De fato, a sua eleição e a chamada Convenção Constitucional resultaram ambas da imensa vaga de protestos de 2019-2020, que os chilenos chamam de "el estallido" (o estrondo) e que pareceu destroçar um sistema partidário conhecido por sua solidez e previsibilidade.
Sem exceção, as siglas que haviam
vertebrado a disputa eleitoral desde o fim do cruento regime militar sofreram
uma sangria de eleitores; o sistema se pulverizou em um emaranhado de legendas
e movimentos. O ex-líder estudantil chegou ao Palacio de La
Moneda aos 35 anos, embora só tivesse recebido 25,8% dos votos no
primeiro turno e dependesse do apoio da centro-esquerda —cuja legitimidade ele
contestava— para se eleger na segunda rodada.
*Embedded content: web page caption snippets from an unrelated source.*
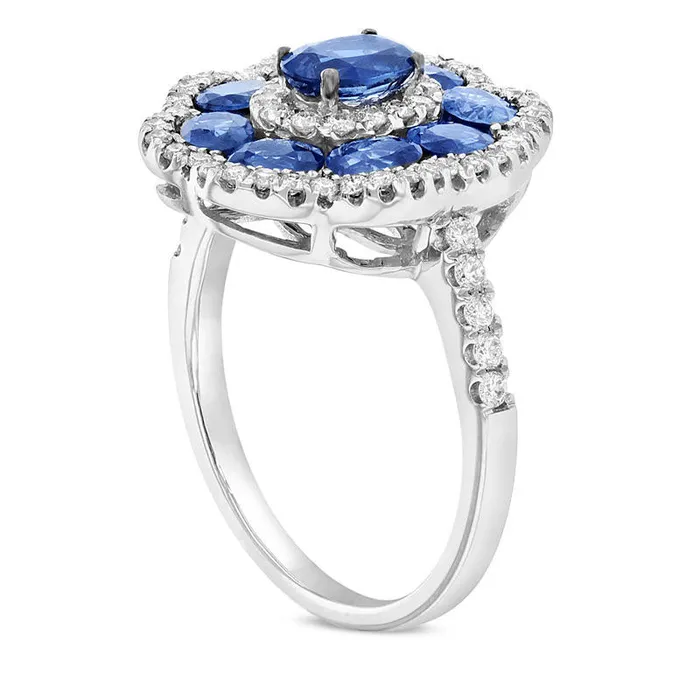 Rings Oval Blue Sapphire and 038 CT TW Natural Diamond Scallop Frame Flower Ring in Solid 14K White Gold Goldia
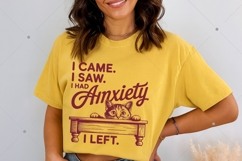 Vintage Funny Cat PNG,I Came I Saw I Had Anxiety PNG,Mental Product Image 4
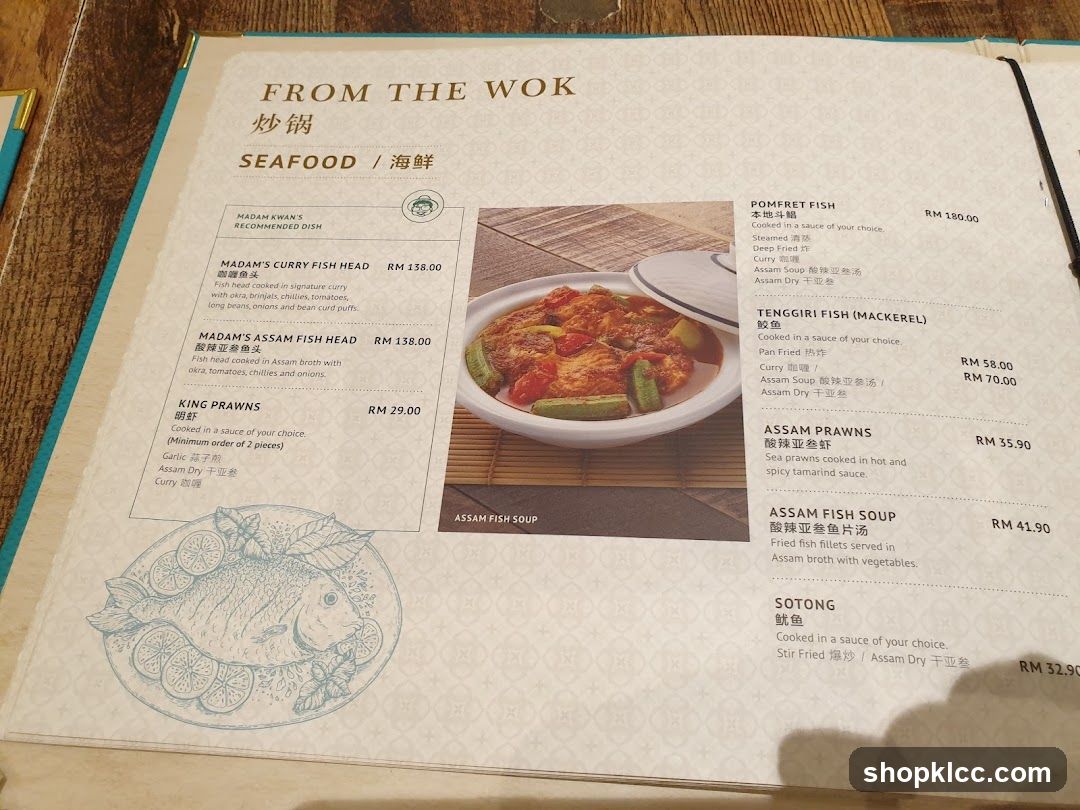 From the Wok - Seafood Menu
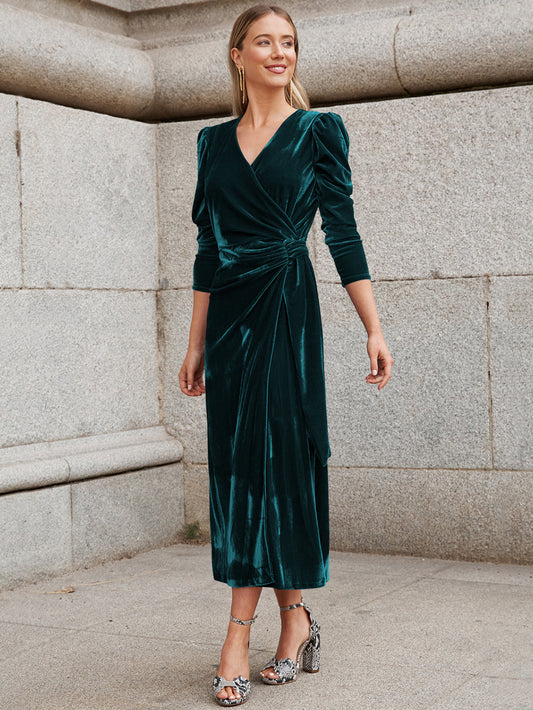 Florence Metallic Velvet Tie Waist Midi Dress - Emerald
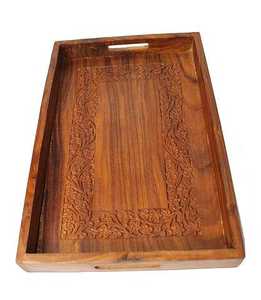 Bandeja de servir rectangular de madera estilo vintage para el hogar, bodas, hoteles, mesa, frutas, comida, uso en servicio de mesa. - Product Image 6
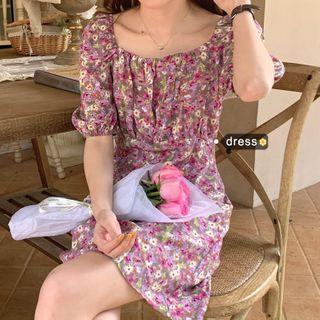 Short-sleeve Floral Print Mini A-line Dress Purple - One Size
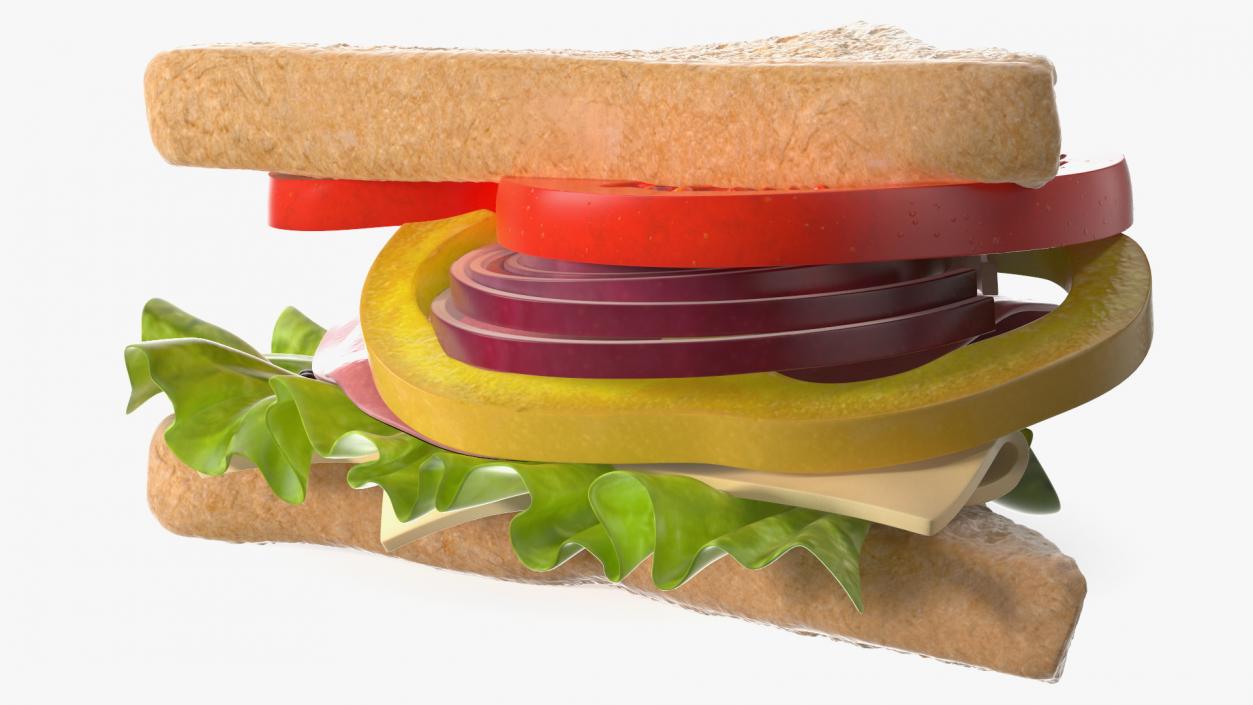 3D model Toasted Home Sandwich Triangle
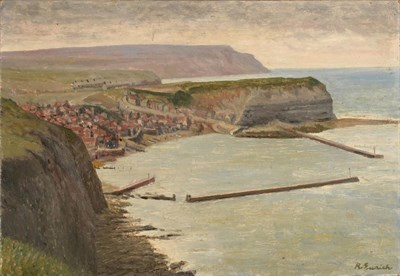 Lot 2117 - Richard Ernst Eurich RA, NEAC (1903-1992) 'Staithes, Yorkshire' Signed, oil on board, 17.5cm by...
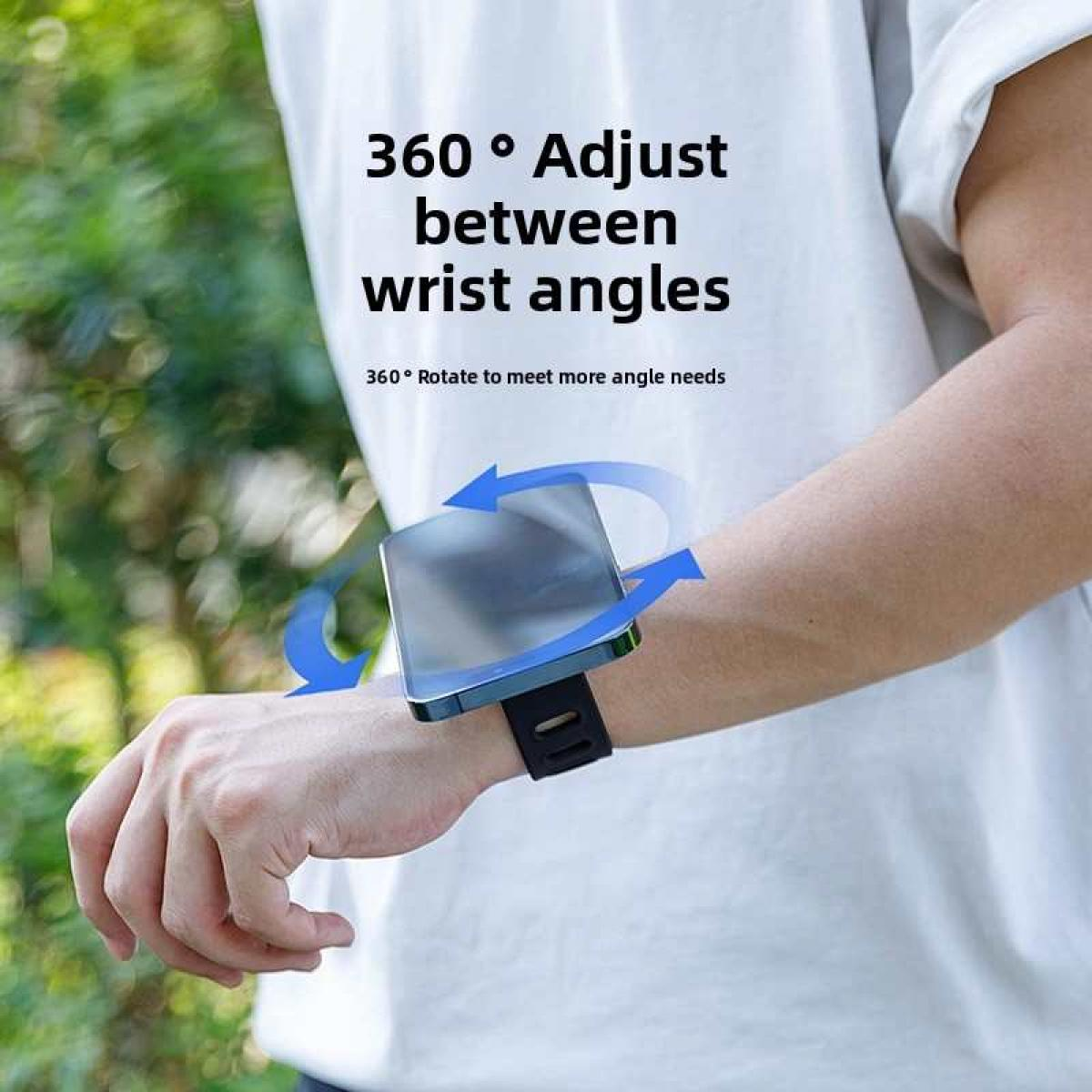 Eine Person, die ein am Handgelenk montiertes Gerät mit einem Telefon trägt. Blaue Pfeile zeigen die 360-Grad-Verstellbarkeit an.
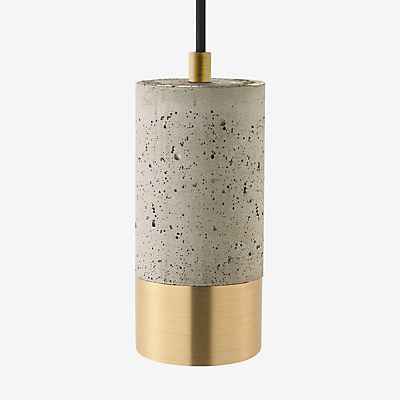 Sigor Upset Concrete Pendelleuchte, Beton hell/Ring Gold günstig online kaufen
Na assembleia escolhida para
redigir a nova Carta, com paridade de gênero garantida de antemão, os
representantes dos movimentos sociais prevaleceram sobre os políticos
profissionais.
O desfecho do plebiscito mostra que a
parcela organizada e politicamente ativa da sociedade não se confunde com as
preferências da maioria, tampouco a exprime, mesmo quando se enxerga como a sua
tradução mais legítima e generosa.
Em face da ofuscante vontade de seus
concidadãos, Boric a ela se curvou, saudando-a como expressão da força da
democracia chilena, apelou ao diálogo e aos acordos para superar as
"fraturas e dores" do país e se comprometeu a buscar com o Congresso
e a sociedade o "itinerário
constitucional" capaz de produzir uma versão que reflita o
sentimento majoritário dos chilenos.
Ao fazê-lo, mostrou vigoroso compromisso
com os valores e regras da democracia, que sempre se assenta no acatamento da
voz das urnas e na busca de convergências possíveis.
Tudo o contrário do que se tem aqui: um
presidente que não perde oportunidade para tratar adversários como inimigos,
fomentar a cizânia na população —até no dia em que se comemoram os 200 anos da
Independência— e fabricar suspeitas sobre as eleições que podem apeá-lo do
poder e sobre as instituições que zelam pelo respeito às escolhas da cidadania.
*Professora titular aposentada de ciência
política da USP e pesquisadora do Cebrap
2 comentários:
" Em mais de três centenas de artigos, expressava a utopia de uma esquerda democrática e renovadora que Boric encarna. "
Esquerda " democrática ". 🤔
A diferença entre um estadista e um oportunista arruaceiro é imensa.